**Exercise aim**
All lines from the one holding "809600-4 Veteran tractor" to the end of the listing are to be output exactly, both ends included, with any pictures left out.

**Study material**
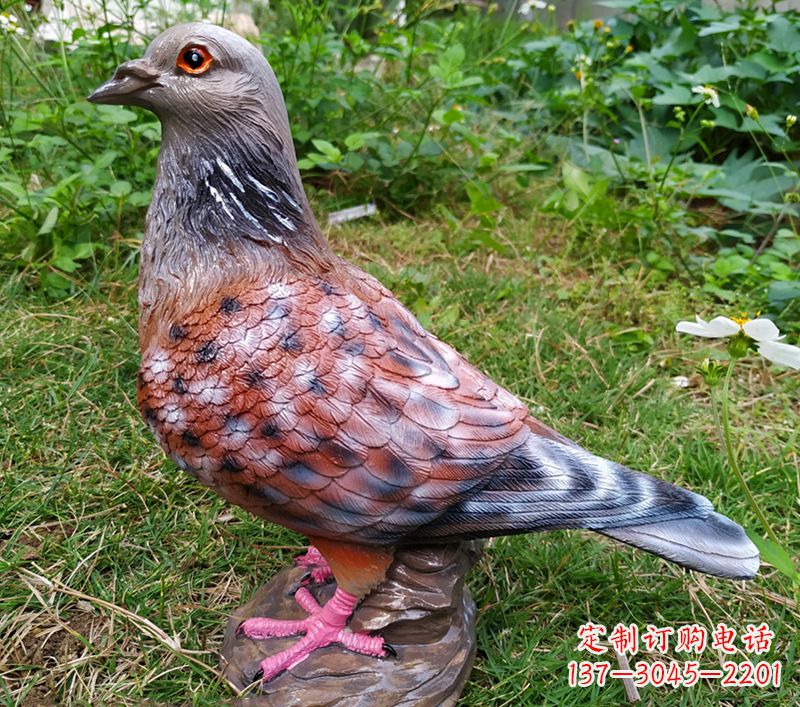 安阳中领雕塑推出:传递和平象征的和平鸽雕塑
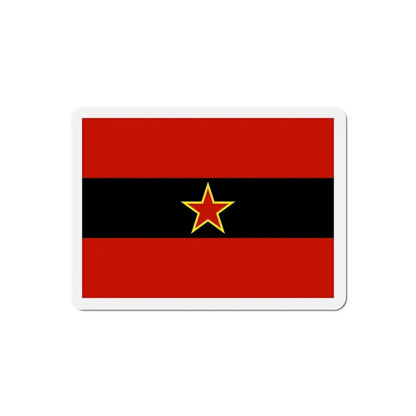 Civil Ensign of Albania 1945 to 1992 - Refrigerator Magnet 3 Inch - The Sticker Space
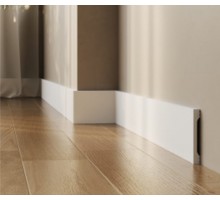 Плинтус из дюрополимера Solid UHD 67/80 D Белый 80*10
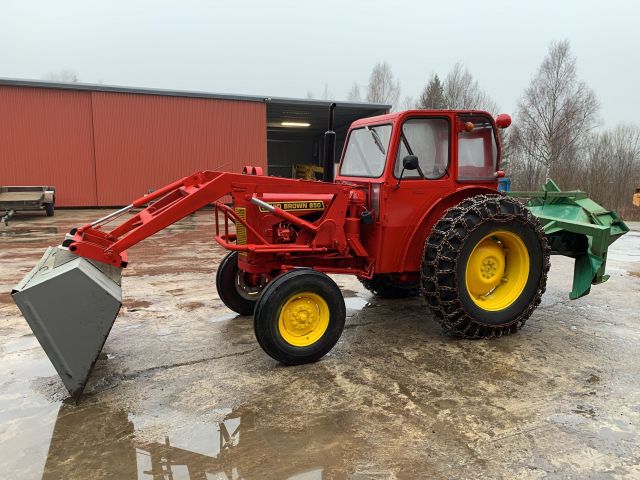 809600-4 Veteran tractor with front loader and snow thrower David Brown 880 -1964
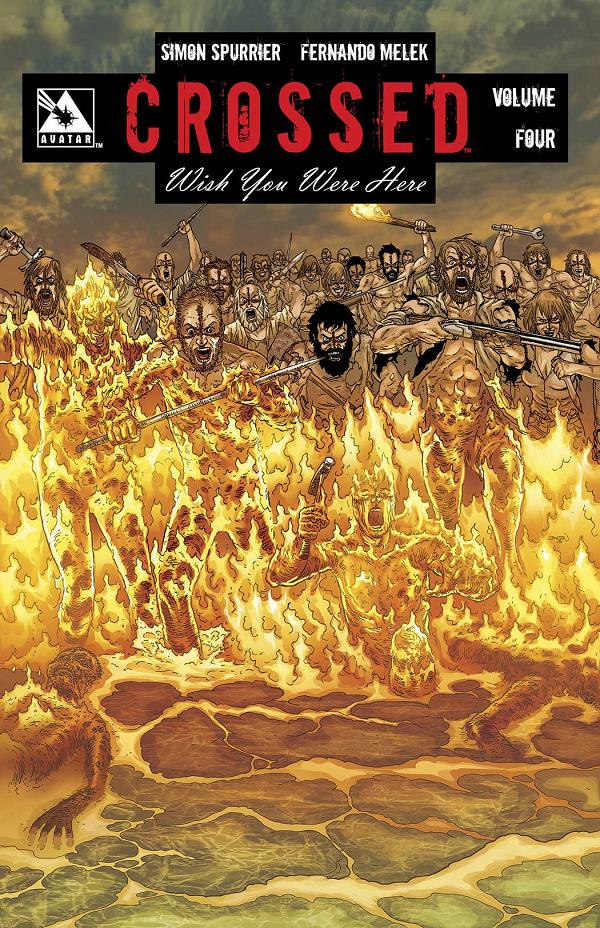 Crossed Wish You Were Here Vol. 04 cover by Jacen Burrows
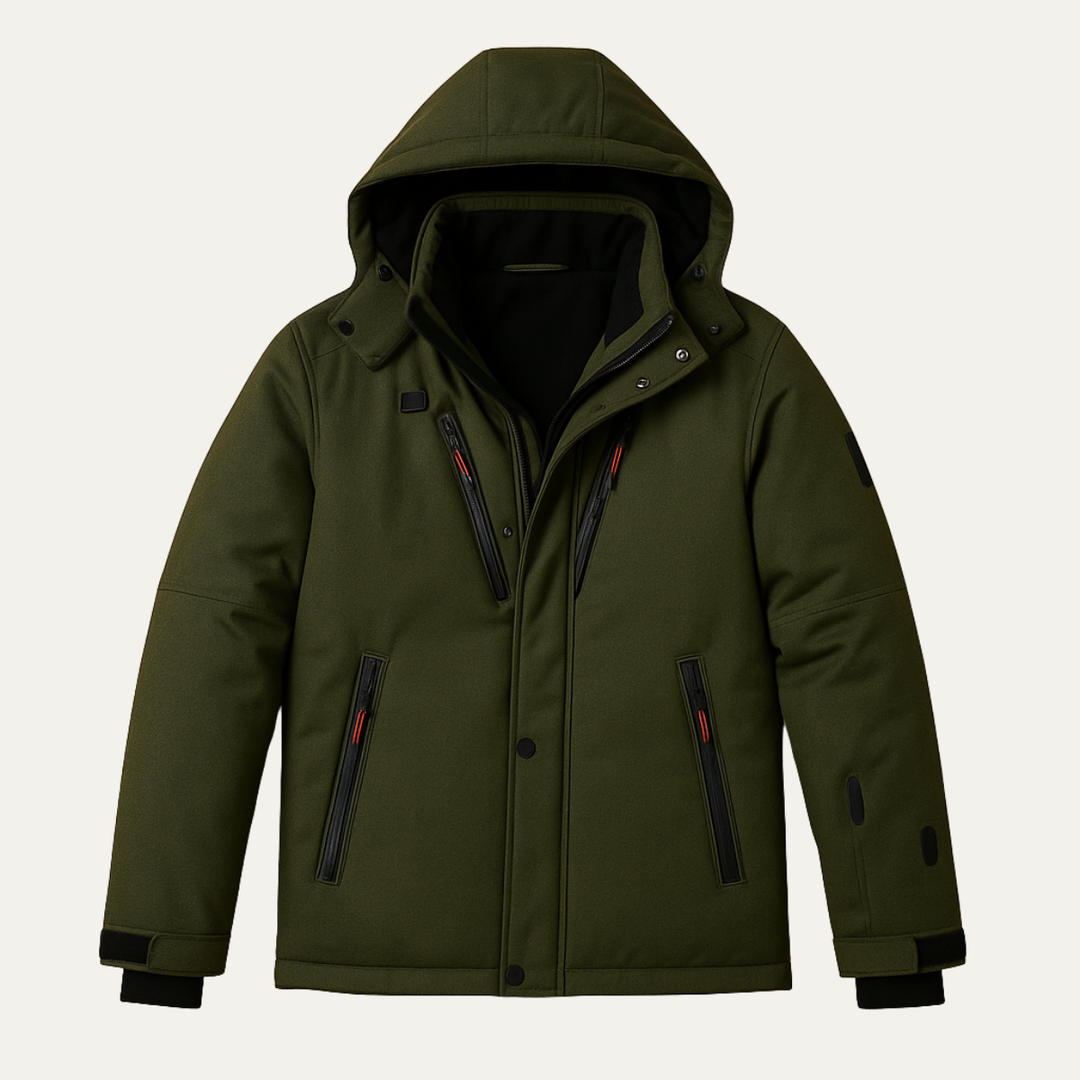 Freja Andersen | Herre varm puffer Parka jakke med Detachable Hood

**Response to the exercise**
 809600-4 Veteran tractor with front loader and snow thrower David Brown 880 -1964
 Crossed Wish You Were Here Vol. 04 cover by Jacen Burrows
 Freja Andersen | Herre varm puffer Parka jakke med Detachable Hood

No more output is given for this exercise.